Cercavo un posto dove rilassarmi per qualche giorno, fare il bucato e cazzeggiare in giro senza stancarmi troppo, e Gonder e’ il posto giusto. E’ una cittadina molto “easygoing”, dove tra l’altro si sente molto l’influenza della pur breve occupazione italiana. Si possono mangiare dei discreti spaghetti o andare a bere un macchiato alla “piazza”, dove ci sono dei veri caffe’ con i tavolini fuori e le cameriere carine. Alcuni bar sembrano i nostri degli anni cinquanta. Se la gente non continuasse a fissarmi in continuazione pero’ sarebbe meglio. Alcuni ti guardano e bisbigliano qualcosa nella loro lingua fissandoti, una delle cose piu’ maleducate e fastidiose in assoluto. Mi sara’ difficile apprezzare questa gente se si comportano dappertutto cosi’. Posso capire la legittima curiosita’ verso uno straniero, ma per ora questo atteggiamento mi sembra decisamente eccessivo.

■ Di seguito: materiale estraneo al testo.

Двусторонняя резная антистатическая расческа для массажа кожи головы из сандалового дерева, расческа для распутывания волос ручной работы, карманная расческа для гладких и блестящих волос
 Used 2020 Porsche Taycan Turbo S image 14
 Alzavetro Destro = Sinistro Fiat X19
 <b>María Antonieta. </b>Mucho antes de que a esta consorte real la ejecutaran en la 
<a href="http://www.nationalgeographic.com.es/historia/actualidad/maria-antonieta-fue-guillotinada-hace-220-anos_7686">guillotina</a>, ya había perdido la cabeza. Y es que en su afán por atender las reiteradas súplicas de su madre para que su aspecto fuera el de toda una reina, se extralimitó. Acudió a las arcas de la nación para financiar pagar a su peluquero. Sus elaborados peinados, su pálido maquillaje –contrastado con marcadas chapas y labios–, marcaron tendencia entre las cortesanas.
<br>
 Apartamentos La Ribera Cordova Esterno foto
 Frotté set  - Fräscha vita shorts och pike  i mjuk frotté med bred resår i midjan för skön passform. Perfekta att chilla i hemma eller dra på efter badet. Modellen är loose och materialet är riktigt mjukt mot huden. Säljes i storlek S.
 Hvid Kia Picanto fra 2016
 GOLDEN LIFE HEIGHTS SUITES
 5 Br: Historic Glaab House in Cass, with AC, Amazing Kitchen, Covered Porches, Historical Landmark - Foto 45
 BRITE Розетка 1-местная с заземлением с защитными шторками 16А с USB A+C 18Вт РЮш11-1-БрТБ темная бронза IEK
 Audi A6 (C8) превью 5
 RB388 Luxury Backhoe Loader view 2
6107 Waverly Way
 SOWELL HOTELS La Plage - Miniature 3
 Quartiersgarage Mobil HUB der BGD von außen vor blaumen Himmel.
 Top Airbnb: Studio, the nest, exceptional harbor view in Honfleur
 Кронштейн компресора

Ho visitato le due attrazioni principali della citta’, il castello seicentesco che la domina e la Debhre Bihran church. Il castello fosse in Francia o in Inghilterra nessuno lo noterebbe, ma qui, in Africa, bisogna ammettere che fa la sua figura. La chiesa invece secondo me e’ sopravvalutata. Ho visitato altre chiese coptiche in citta’ e sono anche queste piuttosto strane e molto frequentate, soprattutto da donne. Gli uomini invece preferiscono decisamente i bar, ce n’e’ uno ogni 10 metri. E qui i bar non sono dei posti dove andare a bere un caffe’, una birra o a mangiare un tramezzino, ma spesso dei luoghi angusti e bui dove ci si va ad ubriacare la sera, oppure a cercare qualche puttana. A proposito, ho il sospetto che anche il mio hotel abbia un’attivita’ collaterale di bordello.

Un ultimo appunto sull’ora e sul calendario etiope: neanche un tizio ubriaco e strafatto di crack riuscirebbe a partorire un sistema cosi’ assurdo come questo.